● **TASK TO CARRY OUT**
Begin with the first line of the entries below. Copy each line exactly, stopping after the one that contains "Kata Ganti Nama Diri".

● **PROVIDED ENTRIES**

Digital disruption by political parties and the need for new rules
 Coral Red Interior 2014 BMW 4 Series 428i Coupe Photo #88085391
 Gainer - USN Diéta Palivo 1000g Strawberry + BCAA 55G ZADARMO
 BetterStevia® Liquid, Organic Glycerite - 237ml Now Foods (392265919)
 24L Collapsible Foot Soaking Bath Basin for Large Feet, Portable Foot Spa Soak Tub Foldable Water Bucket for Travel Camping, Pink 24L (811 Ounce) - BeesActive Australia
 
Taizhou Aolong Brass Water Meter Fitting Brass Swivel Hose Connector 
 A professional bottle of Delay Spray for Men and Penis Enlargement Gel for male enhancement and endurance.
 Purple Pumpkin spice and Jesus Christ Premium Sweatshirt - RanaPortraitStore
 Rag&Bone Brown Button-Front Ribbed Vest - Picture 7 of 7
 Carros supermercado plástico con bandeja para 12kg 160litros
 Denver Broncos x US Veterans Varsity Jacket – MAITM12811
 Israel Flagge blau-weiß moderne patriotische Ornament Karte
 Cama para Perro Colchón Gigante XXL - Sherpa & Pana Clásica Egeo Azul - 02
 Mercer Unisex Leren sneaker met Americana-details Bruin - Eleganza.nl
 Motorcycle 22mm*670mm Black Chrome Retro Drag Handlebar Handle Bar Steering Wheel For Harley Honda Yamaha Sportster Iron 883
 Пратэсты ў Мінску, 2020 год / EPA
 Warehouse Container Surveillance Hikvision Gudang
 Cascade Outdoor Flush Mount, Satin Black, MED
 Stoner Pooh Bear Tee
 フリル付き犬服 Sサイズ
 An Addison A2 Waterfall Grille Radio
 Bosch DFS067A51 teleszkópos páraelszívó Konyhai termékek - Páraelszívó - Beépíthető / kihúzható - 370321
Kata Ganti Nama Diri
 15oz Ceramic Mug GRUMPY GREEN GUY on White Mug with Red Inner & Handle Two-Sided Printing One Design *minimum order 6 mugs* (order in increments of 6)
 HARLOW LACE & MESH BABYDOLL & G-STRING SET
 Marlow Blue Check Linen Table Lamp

● **RESPONSE AREA**
Digital disruption by political parties and the need for new rules
 Coral Red Interior 2014 BMW 4 Series 428i Coupe Photo #88085391
 Gainer - USN Diéta Palivo 1000g Strawberry + BCAA 55G ZADARMO
 BetterStevia® Liquid, Organic Glycerite - 237ml Now Foods (392265919)
 24L Collapsible Foot Soaking Bath Basin for Large Feet, Portable Foot Spa Soak Tub Foldable Water Bucket for Travel Camping, Pink 24L (811 Ounce) - BeesActive Australia
 
Taizhou Aolong Brass Water Meter Fitting Brass Swivel Hose Connector 
 A professional bottle of Delay Spray for Men and Penis Enlargement Gel for male enhancement and endurance.
 Purple Pumpkin spice and Jesus Christ Premium Sweatshirt - RanaPortraitStore
 Rag&Bone Brown Button-Front Ribbed Vest - Picture 7 of 7
 Carros supermercado plástico con bandeja para 12kg 160litros
 Denver Broncos x US Veterans Varsity Jacket – MAITM12811
 Israel Flagge blau-weiß moderne patriotische Ornament Karte
 Cama para Perro Colchón Gigante XXL - Sherpa & Pana Clásica Egeo Azul - 02
 Mercer Unisex Leren sneaker met Americana-details Bruin - Eleganza.nl
 Motorcycle 22mm*670mm Black Chrome Retro Drag Handlebar Handle Bar Steering Wheel For Harley Honda Yamaha Sportster Iron 883
 Пратэсты ў Мінску, 2020 год / EPA
 Warehouse Container Surveillance Hikvision Gudang
 Cascade Outdoor Flush Mount, Satin Black, MED
 Stoner Pooh Bear Tee
 フリル付き犬服 Sサイズ
 An Addison A2 Waterfall Grille Radio
 Bosch DFS067A51 teleszkópos páraelszívó Konyhai termékek - Páraelszívó - Beépíthető / kihúzható - 370321
Kata Ganti Nama Diri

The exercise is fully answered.